(Data to process)
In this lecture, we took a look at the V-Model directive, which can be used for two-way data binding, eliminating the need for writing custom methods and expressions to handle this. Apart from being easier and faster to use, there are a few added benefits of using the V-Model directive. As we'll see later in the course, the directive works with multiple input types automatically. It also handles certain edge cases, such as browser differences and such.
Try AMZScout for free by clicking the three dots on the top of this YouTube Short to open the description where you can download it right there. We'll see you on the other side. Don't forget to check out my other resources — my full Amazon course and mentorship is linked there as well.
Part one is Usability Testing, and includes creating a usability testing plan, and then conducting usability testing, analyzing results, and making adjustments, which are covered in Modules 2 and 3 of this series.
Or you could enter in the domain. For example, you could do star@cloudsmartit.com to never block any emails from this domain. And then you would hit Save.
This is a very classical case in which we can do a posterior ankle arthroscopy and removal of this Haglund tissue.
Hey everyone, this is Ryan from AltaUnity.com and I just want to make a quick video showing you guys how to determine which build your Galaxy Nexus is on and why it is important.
---
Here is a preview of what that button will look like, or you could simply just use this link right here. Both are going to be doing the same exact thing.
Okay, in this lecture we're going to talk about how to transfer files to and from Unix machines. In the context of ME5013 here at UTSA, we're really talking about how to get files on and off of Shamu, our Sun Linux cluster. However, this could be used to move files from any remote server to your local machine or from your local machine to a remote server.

(What you need to do) Everything above from the line containing "In this lecture, we" down to the line containing "Hey everyone, this" is to be transcribed exactly, with both of those lines included and nothing else added.

(Result)
In this lecture, we took a look at the V-Model directive, which can be used for two-way data binding, eliminating the need for writing custom methods and expressions to handle this. Apart from being easier and faster to use, there are a few added benefits of using the V-Model directive. As we'll see later in the course, the directive works with multiple input types automatically. It also handles certain edge cases, such as browser differences and such.
Try AMZScout for free by clicking the three dots on the top of this YouTube Short to open the description where you can download it right there. We'll see you on the other side. Don't forget to check out my other resources — my full Amazon course and mentorship is linked there as well.
Part one is Usability Testing, and includes creating a usability testing plan, and then conducting usability testing, analyzing results, and making adjustments, which are covered in Modules 2 and 3 of this series.
Or you could enter in the domain. For example, you could do star@cloudsmartit.com to never block any emails from this domain. And then you would hit Save.
This is a very classical case in which we can do a posterior ankle arthroscopy and removal of this Haglund tissue.
Hey everyone, this is Ryan from AltaUnity.com and I just want to make a quick video showing you guys how to determine which build your Galaxy Nexus is on and why it is important.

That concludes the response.